De l’Antithese naît la pointe, & elle en est l’abus.

« Belle Philis, on désespere
Alors qu’on espere toujours. »

Les Rhéteurs se sont donné la peine d’examiner & de compter toutes les différentes manieres dont on peut tourner un mot, pour le présenter sous des sens différens, & produire ainsi des allusions ingénieuses : & ils en ont créé des Figures, dont chacune a son nom. C’est un travail dont l’objet est petit, & l’utilité encore moindre.
 

La pointe n'a guere lieu que dans l'Epigramme.

Disons plutôt que tout ce qui est jeu de mots est vicieux en soi, & ne peut trouver place dans un discours sérieux. Dans les sujets badins les jeux de mots & les pointes peuvent se souffrir, & quelquefois même avoir de l’agrément. La raison, dit Boileau, bannissant la pointe de tout écrit sérieux,   

« Par grace lui laissa l’entrée en l’Epigramme,
Pourvu que sa finesse éclatant à propos,
Roulât sur la pensée, & non pas sur les mots. »

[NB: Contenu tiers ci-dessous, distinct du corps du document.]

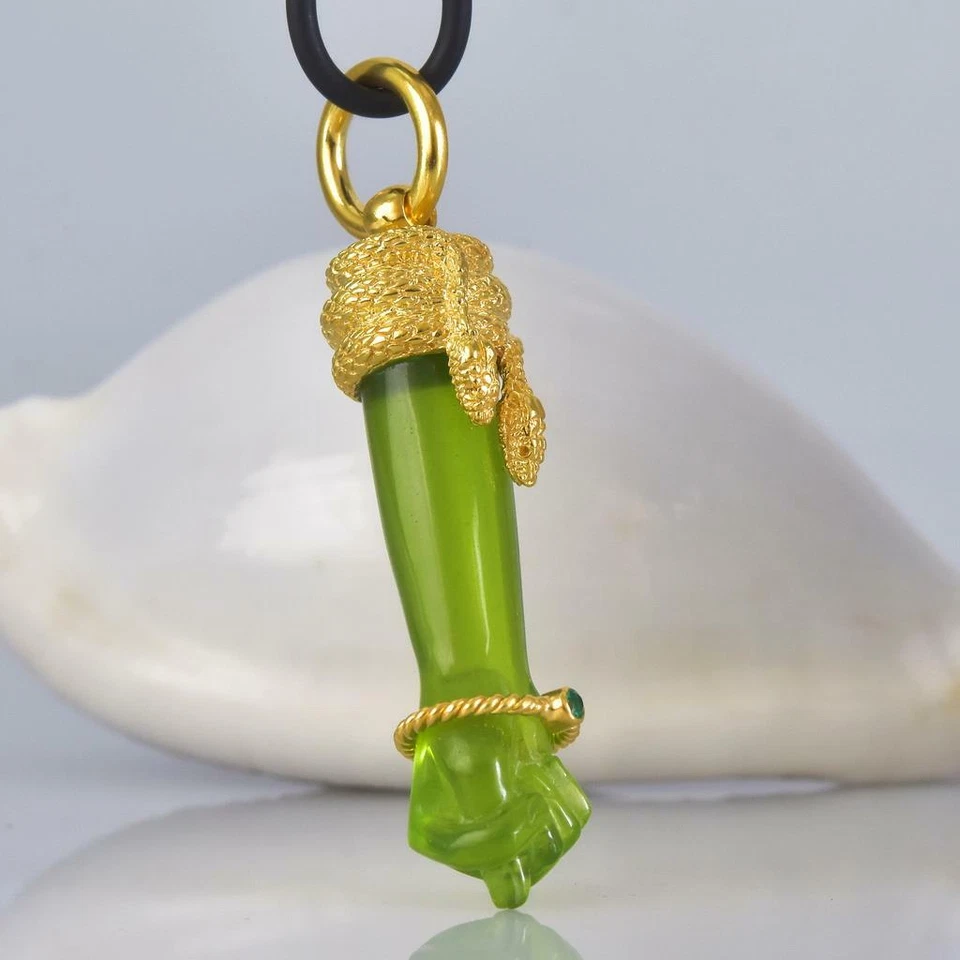 Gold Vermeil Sterling Mano Fico Figa Anhänger Geschnitzt Chalzedon Smaragd 10.69 - Bild 3 von 4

Citons donc pour exemple une Epigramme, dont les pointes, car elle en a plusieurs, ne soient point de purs jeux de mots sans le mérite de la pensée.

« Le Traducteur qui rima l’Iliade,
De douze chants prétendit l’abréger.
Mais par son style aussi triste que fade,De douze en sus il a sçu l’allonger.
Or le lecteur, qui se sent affliger ;
Le donne au diable, & dit perdant haleine :
Hé finissez, rimeur à la douzaine.
Vos abrégés sont longs au dernier point,
Ami lecteur, vous voilà bien en peine.
Faisons les courts, en ne les lisant point. »


Des pointes de ce goût sont bonnes, quand il s’agit de badiner : il peut même être permis à l’Orateur de s’en servir pour égayer son style, mais rarement & bien à propos. Encore le mérite de faire rire sera-t-il toujours petit, comme je l’ai déja remarqué : & je ne trouve aucune pointe ni dans d’Aguesseau & Cochin, ni dans Bossuet, Massillon, & Bourdaloue.Fléchier en a fait une dans le texte même de son panégyrique de S. Benoît. Comme le nom de ce saint est en Latin Benedictus, l’Orateur a pris pour texte ces paroles de Dieu à Abraham : Egredere de terra tua, & de cognatione tua, & de domo patris tui : faciamque te in gentem magnam, & benedicam tibi, & magnificabo nomen tuum, erisque BENEDICTUS. Dans l’original le mot BENEDICTUS signifie béni : ici il rappelle le nom de Benoît. Je ne crois pas que cette pointe fasse envie à aucun Orateur judicieux.